## The task
Among the entries below, extract exactly the lines that run from the one with "(FREE SHIP) Lenovo" through the one with "car carrying goods", both ends included.

(Stored items from a collection)
****

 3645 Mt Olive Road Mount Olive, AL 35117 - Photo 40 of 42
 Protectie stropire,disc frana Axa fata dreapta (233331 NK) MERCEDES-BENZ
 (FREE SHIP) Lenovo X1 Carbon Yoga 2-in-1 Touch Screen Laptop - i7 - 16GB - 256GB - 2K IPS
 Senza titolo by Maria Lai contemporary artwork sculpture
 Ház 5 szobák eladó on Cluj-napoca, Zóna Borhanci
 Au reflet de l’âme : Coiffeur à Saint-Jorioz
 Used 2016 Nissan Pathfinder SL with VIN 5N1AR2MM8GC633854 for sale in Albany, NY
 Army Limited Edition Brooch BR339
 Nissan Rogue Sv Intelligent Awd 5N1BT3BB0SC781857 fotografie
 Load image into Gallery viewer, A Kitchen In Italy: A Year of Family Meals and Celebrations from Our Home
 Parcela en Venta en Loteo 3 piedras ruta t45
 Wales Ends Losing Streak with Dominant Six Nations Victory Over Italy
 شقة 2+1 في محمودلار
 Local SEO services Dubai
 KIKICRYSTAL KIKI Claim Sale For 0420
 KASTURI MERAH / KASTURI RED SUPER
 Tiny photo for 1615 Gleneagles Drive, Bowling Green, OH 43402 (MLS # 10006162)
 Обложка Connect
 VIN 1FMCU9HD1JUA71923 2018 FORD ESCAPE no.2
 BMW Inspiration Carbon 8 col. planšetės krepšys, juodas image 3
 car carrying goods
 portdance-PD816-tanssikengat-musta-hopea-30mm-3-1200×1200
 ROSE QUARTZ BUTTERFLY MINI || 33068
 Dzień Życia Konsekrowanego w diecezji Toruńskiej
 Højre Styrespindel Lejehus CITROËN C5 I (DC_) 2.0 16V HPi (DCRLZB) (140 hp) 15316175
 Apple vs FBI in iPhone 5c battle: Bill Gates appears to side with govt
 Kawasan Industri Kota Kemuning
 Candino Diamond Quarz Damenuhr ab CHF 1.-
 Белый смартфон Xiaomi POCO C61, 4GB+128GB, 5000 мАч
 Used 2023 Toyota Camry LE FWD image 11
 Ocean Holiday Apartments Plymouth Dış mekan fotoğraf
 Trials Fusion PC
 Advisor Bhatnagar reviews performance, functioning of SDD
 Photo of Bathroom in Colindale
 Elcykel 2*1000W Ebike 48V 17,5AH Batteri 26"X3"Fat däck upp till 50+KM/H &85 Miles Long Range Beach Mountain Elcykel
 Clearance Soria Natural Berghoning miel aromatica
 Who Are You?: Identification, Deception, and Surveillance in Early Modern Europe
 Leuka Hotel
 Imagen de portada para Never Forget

****

## Written response
 (FREE SHIP) Lenovo X1 Carbon Yoga 2-in-1 Touch Screen Laptop - i7 - 16GB - 256GB - 2K IPS
 Senza titolo by Maria Lai contemporary artwork sculpture
 Ház 5 szobák eladó on Cluj-napoca, Zóna Borhanci
 Au reflet de l’âme : Coiffeur à Saint-Jorioz
 Used 2016 Nissan Pathfinder SL with VIN 5N1AR2MM8GC633854 for sale in Albany, NY
 Army Limited Edition Brooch BR339
 Nissan Rogue Sv Intelligent Awd 5N1BT3BB0SC781857 fotografie
 Load image into Gallery viewer, A Kitchen In Italy: A Year of Family Meals and Celebrations from Our Home
 Parcela en Venta en Loteo 3 piedras ruta t45
 Wales Ends Losing Streak with Dominant Six Nations Victory Over Italy
 شقة 2+1 في محمودلار
 Local SEO services Dubai
 KIKICRYSTAL KIKI Claim Sale For 0420
 KASTURI MERAH / KASTURI RED SUPER
 Tiny photo for 1615 Gleneagles Drive, Bowling Green, OH 43402 (MLS # 10006162)
 Обложка Connect
 VIN 1FMCU9HD1JUA71923 2018 FORD ESCAPE no.2
 BMW Inspiration Carbon 8 col. planšetės krepšys, juodas image 3
 car carrying goods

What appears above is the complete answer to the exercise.